Last month, Estonia's government decided to move a Soviet war memorial in the centre of the capital, Tallinn, to a nearby military cemetery.
That prompted demonstrations by local Russians, egged on by the Kremlin's spies and provocateurs, which soon turned into riots and looting.
In the chocolate-box streets of medieval Tallinn, familiar to many British holidaymakers as one of the friendliest and most charming capitals of Europe, drunken Russian hooligans emptied shops and burnt cars, chanting "It's all ours" and "Soviet Union for ever".
In Moscow, thugs blockaded and attacked the Estonian embassy - a flagrant breach of the Vienna convention. When the Swedish ambassador visited, they tried to turn over his car.
But that was only a taste of the havoc to be wreaked in cyberspace. Estonia's most vital computers experienced a cyber-attack on a scale and ferocity unknown in the history of the internet.

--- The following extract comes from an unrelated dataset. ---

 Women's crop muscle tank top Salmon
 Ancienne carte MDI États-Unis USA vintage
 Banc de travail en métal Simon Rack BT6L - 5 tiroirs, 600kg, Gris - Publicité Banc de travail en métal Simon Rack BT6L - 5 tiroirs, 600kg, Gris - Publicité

Techniques normally employed by cyber-criminals, such as huge remote-controlled networks of hijacked computers, were used to cripple vital public services, paralyse the banking system and cut off the government's websites from the outside world.
By cutting Estonia off from the world, the Kremlin's propagandists could freely peddle their poisonous lies about a "fascist revival" in this peaceful, prosperous and democratic country.